Né ad una diversa conclusione sul punto può indurre la modifica introdotta dall'art. 5 della legge 6 febbraio 2006, n. 46, mediante la sostituzione del comma 1 dell'art. 533 del codice di procedura penale con la disposizione secondo cui «il giudice pronuncia sentenza di condanna se l'imputato risulta colpevole del reato al di là di ogni ragionevole dubbio».
Secondo l'opinione prevalente in giurisprudenza, infatti, tale novella non ha avuto sul punto un reale contenuto innovativo, non avendo introdotto un diverso e più restrittivo criterio di valutazioni della prova, essendosi invece limitata a codificare un principio già desumibile dal sistema, in forza del quale il giudice può pronunciare sentenza di condanna solo quando non ha ragionevoli dubbi sulla responsabilità dell'imputato. La novella, dunque, non avrebbe inciso sulla funzione di controllo del giudice di legittimità che rimarrebbe limitata alla struttura del discorso giustificativo del provvedimento, con l'impossibilità di procedere alla rilettura degli elementi di fatto posti a fondamento della sentenza e dunque di adottare autonomamente nuovi e diversi parametri di ricostruzione e valutazione dei fatti (v., in tal senso, tra le ultime pronunce, Sez. 5, n. 10411 del 28/01/2013, Viola, Rv. 254579, la quale ha precisato che tale regola di giudizio impone al giudice di giungere alla condanna solo se è possibile escludere ipotesi alternative dotate di razionalità e plausibilità; cfr. anche, in tal senso, Sez. 1, n. 41110 del 24/10/2011, Javad, Rv. 251507).

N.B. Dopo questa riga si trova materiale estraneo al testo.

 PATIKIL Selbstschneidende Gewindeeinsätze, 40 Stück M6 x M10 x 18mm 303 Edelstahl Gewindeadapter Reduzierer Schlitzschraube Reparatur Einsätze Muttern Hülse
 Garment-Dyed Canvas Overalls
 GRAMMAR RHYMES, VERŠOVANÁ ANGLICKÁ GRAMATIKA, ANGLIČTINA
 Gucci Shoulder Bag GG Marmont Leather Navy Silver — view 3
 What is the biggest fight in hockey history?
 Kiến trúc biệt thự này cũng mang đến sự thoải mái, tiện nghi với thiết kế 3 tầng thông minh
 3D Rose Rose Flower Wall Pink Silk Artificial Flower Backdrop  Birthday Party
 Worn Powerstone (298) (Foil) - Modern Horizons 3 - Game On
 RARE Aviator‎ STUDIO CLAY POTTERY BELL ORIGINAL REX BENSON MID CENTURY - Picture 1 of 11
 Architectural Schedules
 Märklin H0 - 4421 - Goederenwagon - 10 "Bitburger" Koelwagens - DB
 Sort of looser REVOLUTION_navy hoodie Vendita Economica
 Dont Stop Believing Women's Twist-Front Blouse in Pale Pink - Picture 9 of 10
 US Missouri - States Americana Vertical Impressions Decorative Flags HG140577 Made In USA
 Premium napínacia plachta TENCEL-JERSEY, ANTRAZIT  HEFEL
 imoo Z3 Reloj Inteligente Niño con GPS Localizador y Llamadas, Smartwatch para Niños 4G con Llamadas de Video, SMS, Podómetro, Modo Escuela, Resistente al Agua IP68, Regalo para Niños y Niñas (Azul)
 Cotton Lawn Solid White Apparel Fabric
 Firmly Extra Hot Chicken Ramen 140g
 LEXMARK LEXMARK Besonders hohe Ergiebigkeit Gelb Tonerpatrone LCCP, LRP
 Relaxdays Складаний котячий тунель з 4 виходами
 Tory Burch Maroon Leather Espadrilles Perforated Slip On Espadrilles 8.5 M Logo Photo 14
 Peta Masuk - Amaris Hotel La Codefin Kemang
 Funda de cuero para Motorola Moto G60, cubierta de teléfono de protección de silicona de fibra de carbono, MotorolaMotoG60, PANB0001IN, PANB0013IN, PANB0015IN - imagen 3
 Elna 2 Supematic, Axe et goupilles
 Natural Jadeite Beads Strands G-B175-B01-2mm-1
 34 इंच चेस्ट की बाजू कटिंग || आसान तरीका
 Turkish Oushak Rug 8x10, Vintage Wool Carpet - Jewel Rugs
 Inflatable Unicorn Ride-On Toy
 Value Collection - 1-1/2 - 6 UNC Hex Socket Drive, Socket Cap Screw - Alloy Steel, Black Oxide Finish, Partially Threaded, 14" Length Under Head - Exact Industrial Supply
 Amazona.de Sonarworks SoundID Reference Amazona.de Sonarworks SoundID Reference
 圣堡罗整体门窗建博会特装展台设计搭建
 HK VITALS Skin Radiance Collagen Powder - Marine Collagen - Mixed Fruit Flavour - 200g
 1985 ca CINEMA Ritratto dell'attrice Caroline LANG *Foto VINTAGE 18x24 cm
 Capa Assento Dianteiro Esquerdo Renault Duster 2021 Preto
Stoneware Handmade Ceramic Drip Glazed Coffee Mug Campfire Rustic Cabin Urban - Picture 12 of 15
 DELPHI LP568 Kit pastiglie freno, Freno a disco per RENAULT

Nella specie, giova ribadire, nessun dubbio può nutrirsi né sulla ricostruzione delle cause del sinistro, né sulla sussistenza delle violazioni contestate; né tale dubbio può fondatamente predicarsi solo in ragione dell'esistenza di una deposizione testimoniale che afferma l'esistenza di un fatto (ossia l'esistenza di punti fissi di ancoraggio delle cinture di sicurezza) incompatibile con tale ricostruzione, posto che tale deposizione è stata posta ad oggetto di valutazione adeguatamente motivata di inattendibilità e recessività rispetto alle emergenze di segno contrario.
8. Il ricorso va pertanto rigettato con la conseguente condanna dei ricorrenti al pagamento delle spese processuali.

P.Q.M.


Rigetta il ricorso e condanna i ricorrenti al pagamento delle spese processuali.